Vermont College of Fine Arts (VCFA)
36 College Street
Montpelier, VT 05602
T +1 802 828 8636
[email protected]
The program is thrilled to announce Allyson Mitchell as our artist-in-residence during our winter residency, January 22–31, 2016. Student exhibitions will be open to the public daily through Saturday, January 30 and the opening of the Graduating Student Exhibition at the VCFA Gallery will be held Tuesday, January 26 at 7pm.
“Killjoy’s Konundrum: The Problematics of Feminist Cultural Production”

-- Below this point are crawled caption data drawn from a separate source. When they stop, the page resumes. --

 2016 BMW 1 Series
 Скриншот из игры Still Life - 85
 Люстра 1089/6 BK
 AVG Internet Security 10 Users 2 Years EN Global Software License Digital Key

Public lecture: Saturday, January 23,2016
Artist Allyson Mitchell will discuss her current projects, Killjoy’s Kastle: A Lesbian Feminist Haunted House and FAG Feminist Art Gallery. These are two feminist/queer art spaces where new forms of cultural production and intersectional politics are in progress with collective participation and feedback that breaks down the boundaries between art and the social, art and craft, sculpture and performance, academic and activist definitions.
Mitchell is a maximalist artist working in sculpture, performance, installation and film. Her work has exhibited at the ONE National Lesbian and Gay Archives at USC, Queerruption, Textile Museum of Canada, MIX Underground Film Festival, Art Gallery of Ontario, Warhol Museum, Tate Modern, numerous zine and craft fairs and the British Film Institute. She is based in Toronto, where she is an Associate Professor in the School of Gender, Sexuality and Women’s Studies at York University and runs FAG Feminist Art Gallery with Deirdre Logue.

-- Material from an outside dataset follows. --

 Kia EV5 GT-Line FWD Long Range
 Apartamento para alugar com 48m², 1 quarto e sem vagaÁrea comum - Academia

More information about the winter 2016 residency can be found here.
The MFA in Visual Arts program
Founded in 1991 As the first low-residency program in visual art in the country, the MFA in Visual Art program at VCFA is based on the principle of individualized learning; valuing the knowledge and experience that each student brings to their candidacy in equal parts with the latest developments in contemporary creative and critical discourse.
Through the program’s unique integration of both on-campus and off-campus experiences, each semester begins with an intensive ten-day residency in Vermont comprised of student exhibitions, individual and group critiques, faculty and guest lectures, workshops and a thematic symposium. Off-campus, students continue their studies by completing a series of interdisciplinary visual culture research and writing projects with the close guidance from a faculty member.
Why come to VCFA?
Students in VCFA’s MFA in Visual Art program have the opportunity to connect with a roster of up to 15 faculty members, four artist-teachers (each guiding one semester of studio work), five artists-in-residence, more than 50 guest artists, a student body of more than 70 fellow students, and a wide network of more than 1,000 alumni located across the country and internationally.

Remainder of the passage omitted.